After an early-round win against South Korea in which McCray-Penson led the squad with 16 points and nine rebounds, she said, “We want to be the best basketball team in history.”

She scored 9.4 points per game in the tournament and contributed to the suffocating defense that kept opponents from scoring. McCray-Penson averaged 5.1 points for the United States team that won gold in Sydney, Australia, four years later.

She had become a professional by that point. She averaged 19.9 points per game for the Columbus Quest of the short-lived American Basketball League, which predated the W.N.B.A. as a women’s league, led the club to the league title in 1997, and was awarded the most valuable player.

She didn’t last long with the A.B.L. After one season, she joined the Washington Mystics of the Women’s National Basketball Association, which was founded by the National Basketball Association.

“I saw what the N.B.A. can do to promote women’s basketball,” she told The Associated Press in 1997.

She played with the Mystics for four seasons beginning in 1998, averaging 15.4 points per game, and was selected for three All-Star games.

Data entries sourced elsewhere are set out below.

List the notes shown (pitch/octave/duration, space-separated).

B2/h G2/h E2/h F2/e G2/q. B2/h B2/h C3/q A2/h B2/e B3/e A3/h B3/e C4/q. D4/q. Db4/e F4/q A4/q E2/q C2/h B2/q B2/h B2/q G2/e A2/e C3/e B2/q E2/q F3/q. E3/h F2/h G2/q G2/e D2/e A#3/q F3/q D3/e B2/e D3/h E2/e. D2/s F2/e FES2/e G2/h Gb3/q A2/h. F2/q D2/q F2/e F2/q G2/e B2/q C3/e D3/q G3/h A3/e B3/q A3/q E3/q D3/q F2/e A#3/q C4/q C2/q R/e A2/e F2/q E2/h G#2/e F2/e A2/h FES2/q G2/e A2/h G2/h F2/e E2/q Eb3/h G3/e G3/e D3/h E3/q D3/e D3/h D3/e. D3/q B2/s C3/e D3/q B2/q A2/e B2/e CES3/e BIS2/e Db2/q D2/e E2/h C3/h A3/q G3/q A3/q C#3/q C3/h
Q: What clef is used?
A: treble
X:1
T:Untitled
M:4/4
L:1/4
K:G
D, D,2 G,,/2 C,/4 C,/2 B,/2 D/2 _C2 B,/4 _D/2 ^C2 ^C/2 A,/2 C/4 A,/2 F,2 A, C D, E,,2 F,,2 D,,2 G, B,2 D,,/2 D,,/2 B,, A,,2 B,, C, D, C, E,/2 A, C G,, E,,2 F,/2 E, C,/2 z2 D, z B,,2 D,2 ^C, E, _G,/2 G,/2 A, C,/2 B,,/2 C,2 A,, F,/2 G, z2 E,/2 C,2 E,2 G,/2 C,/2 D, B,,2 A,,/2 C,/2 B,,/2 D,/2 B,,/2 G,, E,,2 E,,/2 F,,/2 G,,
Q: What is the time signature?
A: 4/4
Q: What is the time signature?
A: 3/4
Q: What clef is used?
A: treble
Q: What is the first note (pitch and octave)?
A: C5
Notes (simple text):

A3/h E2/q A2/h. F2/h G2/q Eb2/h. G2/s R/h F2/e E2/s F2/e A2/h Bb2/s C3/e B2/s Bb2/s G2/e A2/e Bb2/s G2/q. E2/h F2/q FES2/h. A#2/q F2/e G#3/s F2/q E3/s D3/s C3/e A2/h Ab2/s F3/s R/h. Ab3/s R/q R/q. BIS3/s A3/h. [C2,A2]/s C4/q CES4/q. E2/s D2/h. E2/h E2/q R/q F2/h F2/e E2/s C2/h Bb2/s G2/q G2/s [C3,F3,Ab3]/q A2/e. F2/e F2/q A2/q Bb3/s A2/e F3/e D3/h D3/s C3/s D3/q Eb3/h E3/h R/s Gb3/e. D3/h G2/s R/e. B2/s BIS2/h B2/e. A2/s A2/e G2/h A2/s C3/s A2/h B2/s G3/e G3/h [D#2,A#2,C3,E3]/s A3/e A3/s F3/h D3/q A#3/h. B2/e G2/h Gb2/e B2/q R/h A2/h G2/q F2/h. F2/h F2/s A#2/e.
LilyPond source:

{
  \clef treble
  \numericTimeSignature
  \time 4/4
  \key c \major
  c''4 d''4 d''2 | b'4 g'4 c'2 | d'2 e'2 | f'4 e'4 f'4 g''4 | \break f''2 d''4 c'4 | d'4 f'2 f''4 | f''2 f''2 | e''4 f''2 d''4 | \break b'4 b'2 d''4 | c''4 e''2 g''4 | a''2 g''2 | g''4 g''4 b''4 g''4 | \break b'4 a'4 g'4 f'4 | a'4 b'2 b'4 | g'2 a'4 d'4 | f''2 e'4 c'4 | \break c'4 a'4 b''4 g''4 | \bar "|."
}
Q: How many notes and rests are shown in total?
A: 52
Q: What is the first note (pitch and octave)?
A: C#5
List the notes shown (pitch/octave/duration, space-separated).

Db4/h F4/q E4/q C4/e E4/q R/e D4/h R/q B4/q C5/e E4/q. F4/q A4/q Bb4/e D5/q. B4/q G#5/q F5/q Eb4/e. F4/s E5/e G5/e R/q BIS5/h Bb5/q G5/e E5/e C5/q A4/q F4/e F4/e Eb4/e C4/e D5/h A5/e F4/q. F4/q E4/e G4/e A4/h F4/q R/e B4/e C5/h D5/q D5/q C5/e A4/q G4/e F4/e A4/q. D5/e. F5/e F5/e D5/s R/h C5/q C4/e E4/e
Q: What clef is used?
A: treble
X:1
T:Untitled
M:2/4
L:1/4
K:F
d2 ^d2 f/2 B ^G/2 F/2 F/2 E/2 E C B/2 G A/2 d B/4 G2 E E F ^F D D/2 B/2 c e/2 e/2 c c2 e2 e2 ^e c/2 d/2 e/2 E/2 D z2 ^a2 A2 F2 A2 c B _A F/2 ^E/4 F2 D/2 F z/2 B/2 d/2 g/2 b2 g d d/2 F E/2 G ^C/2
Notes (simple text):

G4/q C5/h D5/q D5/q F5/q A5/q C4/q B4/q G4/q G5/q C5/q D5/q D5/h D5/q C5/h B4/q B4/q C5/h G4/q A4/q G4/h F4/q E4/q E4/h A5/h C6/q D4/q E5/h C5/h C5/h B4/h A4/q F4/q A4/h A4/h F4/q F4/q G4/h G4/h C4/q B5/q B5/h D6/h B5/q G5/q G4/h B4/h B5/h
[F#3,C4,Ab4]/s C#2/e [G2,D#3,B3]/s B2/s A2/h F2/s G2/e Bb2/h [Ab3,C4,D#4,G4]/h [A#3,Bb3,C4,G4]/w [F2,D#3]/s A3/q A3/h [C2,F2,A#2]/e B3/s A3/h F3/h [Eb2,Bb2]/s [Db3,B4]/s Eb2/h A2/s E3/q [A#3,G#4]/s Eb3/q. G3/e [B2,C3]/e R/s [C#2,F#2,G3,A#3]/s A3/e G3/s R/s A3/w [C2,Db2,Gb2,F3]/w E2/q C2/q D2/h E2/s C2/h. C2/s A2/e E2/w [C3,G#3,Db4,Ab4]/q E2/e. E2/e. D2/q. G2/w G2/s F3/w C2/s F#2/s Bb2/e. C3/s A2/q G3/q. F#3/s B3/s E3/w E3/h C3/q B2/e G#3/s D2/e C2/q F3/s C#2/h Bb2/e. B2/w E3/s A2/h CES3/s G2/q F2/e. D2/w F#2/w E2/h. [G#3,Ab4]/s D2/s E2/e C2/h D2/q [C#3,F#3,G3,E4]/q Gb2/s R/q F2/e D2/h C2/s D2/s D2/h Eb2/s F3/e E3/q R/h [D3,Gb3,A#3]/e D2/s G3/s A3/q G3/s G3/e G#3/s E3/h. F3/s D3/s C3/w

She had less success in the next five years, playing in Indianapolis, Phoenix, San Antonio, and Chicago. She left the company in 2006.

She swiftly transitioned into teaching, serving as an assistant women’s coach at Western Kentucky University for two years before heading to South Carolina in 2008 to join Staley, her Olympic colleague from 1996 and 2000.

After assisting South Carolina achieve its first N.C.A.A. women’s basketball championship in 2017, McCray-Penson was appointed as the head coach at Old Dominion University in Norfolk, Va.

Over three seasons, she guided the club to a 53-40 record; in the 2019-20 season, she led the Monarchs to a 24-6 record and was awarded Conference USA coach of the year.

She was hired as head coach at Mississippi State University in 2020, however, she resigned due to health concerns after a 10-9 record in her only season there.

Rutgers hired her as an assistant in 2022.

“Simply put, Nikki is a winner,” Rutgers coach Coquese Washington, a former player of McCray-Penson’s with the W.N.B.A.’s Indiana Fever, told The Associated Press. “She has excelled at the highest levels of our game.”

In 2012, McCray-Penson was inducted into the Women’s Basketball Hall of Fame in Knoxville, Tenn.

Nikki Kesangane McCray was born in Collierville, Tennessee, on December 17, 1971. Her husband, Thomas Penson, and her son, also called Thomas, survive her. Sally Coleman, her mother, died of breast cancer in 2018.

“We know there’s no cure,” McCray-Penson told the Jackson Clarion-Ledger in 2020. “We put up with it. You don’t let it define you every day.

You experience life. You make each and every day count. That’s what I saw my mother doing.”